I had come off 3 putting from 18 feet, hitting my first putt about 12 feet. This was my 2nd double bogey of the day through 12 holes, and my other was a 1 ft tap in miss. I was playing about as well as I can with a 41 front from the blues at Lederach. I hit a nice 3 wood on 13 to put myself 175 out on a dog leg left. I’m on a bit of a slope and chunk a 5 iron into the brush. Drop. Chunk a Pdub over so now I’m 40 yards out. Next I over hit the green into a trap. Duff sand shot 1. Get out and 3 putt for a 10. On the rage meter I flew past mad and was in hysteria / delirious.

As much as I try to stay calm in these situations, it’s impossible. Even when you tell yourself to be cool, you’re not. On my bad SW shot from 40, I Shee smashed twice and my playing partners could only watch in agony. There is nothing, literally nothing, that can make you feel better when the wheels are coming off in golf. It’s torture. I’m not an angry person but when your expectations are not matching the performance, it’s difficult to overcome the sinking feeling that your brain surrenders to. You hold onto the wheel as tight as you can hoping the crash isn’t that bad.
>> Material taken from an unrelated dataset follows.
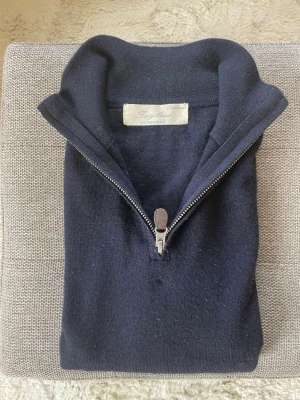 Sayless cashmere tröja  - Riktig det cashmere halv zip från Sayless i ett riktigt fint skick. Storlek XS. Kontakta vid funderingar!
Why do I get mad about a golf round that has no purposeful outcome in my life? I don’t know. It’s an inner feeling. The point of the post is that even when you know that this is happening, being able to control it is what champions are made of. The poker term tilt is real, and even the best players, who are well aware of tilt, and can say they are not tilting, still tilt. Being able to control the level of tilt is the key. I’m still not quite there.

I’ll be betting big on the Chiefs today and hopefully Nelly Korda can hold the LPGA. Good luck!